Olayın özeti şudur: MHP’li Osman Durmuş’un konuşması sonrasında Başbakan cevap vermek üzere kürsüye gelmiş ve konuşmaktadır. Bu arada da MHP’lilere yönelik olarak sözler etmektedir. MHP’li bazı milletvekilleri de kendisine oturdukları yerden cevap vermektedir. Kısacası Mecliste rutin olarak söz atma/cevap verme olayı yaşanmaktadır. İşte tam bu sırada -Televizyonun naklen verdiği görüntülerden- AKP gurubunun neredeyse tamamının MHP gurubunun üzerine doğru yürüdüğü görülüyor. İkiye ayrılan AKP gurubunun bir kolu önden diğer kolu arkadan MHP gurubunu kuşatmaya almıştır. Olaylar da bundan sonra başlıyor.
AKP’nin gövdesi!
Zaten kavga da MHP gurubunun tam önünde meydana gelmiştir. MHP gurubunun önünde AKP milletvekillerinin işinin ne olduğunu birilerinin onlara sorması gerekir. Sonuçta Osman Durmuş konuşmuş ve Başbakan da ona cevap vermektedir. MHP’lilerin sözlerine, Başbakan cevap verirken AKP’li milletvekillerinin pazılarını göstermek için MHP gurubunun önüne gelmeleri izah edilemez bir durumdur. Nitekim bunun ötesi sözün bittiği yerdir!
Kızaran suratlar, ceket sıyıran bakanlar ve yumruk sallayan vekiller... Görüntü işte budur. Çok açıktır ki, AKP’liler her zaman yaptıkları gibi sayısal çoğunluğuna daha doğrusu kitlesel gövdesine güvenerek bunları yapmaktadır. İktidar partisi bütün sorunları kitlesel gücüyle ve sayısal çoğunluğuyla aşıp geçeceğini düşünmektedir. Ancak unuttukları onların gövdelerine karşın, üzerine yürüdükleri gurubun da bir ruhu olduğu gerçeğidir. AKP’liler ruhun ölümsüz gövdenin ise çürümekle malul olduğunu unutmuş görünüyorlar.
Yasamayı denetlemeye kalkmak!
Ancak işin tehlikeli yanı bu kavgadan ibaret değildir. Bir süre önce Başbakan, TBMM Başkanına dönerek kendisine söz atan milletvekillerine yönelik olarak “sen mi susturacaksın ben mi susturayım” anlamına gelen sözler etmişti. Bazıları da bu sözleri, sürçü lisan olarak nitelendirmişti.

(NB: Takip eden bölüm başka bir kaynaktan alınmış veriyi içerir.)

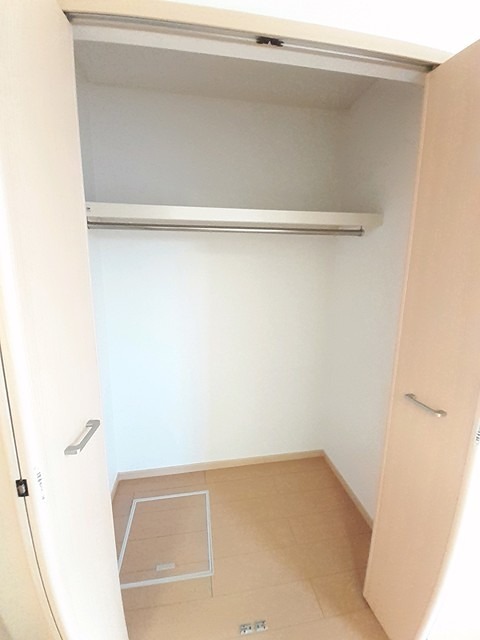 サンライズヴィラ2 収納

TBMM’deki kavgalı oturum sonrasında Başbakan Yardımcısı Bülent Arınç’ın TBMM Başkan Vekilinin odasına giderek “nasıl söz verirsin...?” türünden hesap soran bir tavır içine girmiş olması daha önce yaşanan durumun münferit olmadığını göstermesi bakımından önemlidir. Resmen yürütme yasama denetlemeye kalkmıştır. Halbuki demokrasilerde yasama yürütmeyi denetler. Türkiye’de yürütme, yasamayı denetleme teşebbüsünde bulunmaktadır. Elinden hukuk, dilinden demokrasi kavramını düşürmeyenlerin ortaya koyduğu manzara budur.
Türkiye’yi yöneten zihniyet!
Bu zihniyet “güç bende”, “dokunanı yakarım” modeliyle ülkeyi yönetiyor. TEKEL işçilerini gazla, basınçlı suyla göle döken anlayış böyle bir zihniyetten besleniyor. Koskoca TSK’yı ve yargıyı her gün ortaya attıkları ya da attırdıkları iddia ve ithamlarla savunma yapmak durumunda bırakıyor. Bugünkü Türkiye’de durum şudur: Yargı savunmada, yasama kontrol altında, muhalifler ise Silivri’ye tıkılmıştır. Meydan iktidara kalmış durumdadır. İktidar partisi ise son zamanlarda seçmen nezdinde kaybettiği prestiji yeni mağduriyetler üreterek telafi etmek gayreti içindedir. Muhalefetin çok daha dikkatli olması gerekir.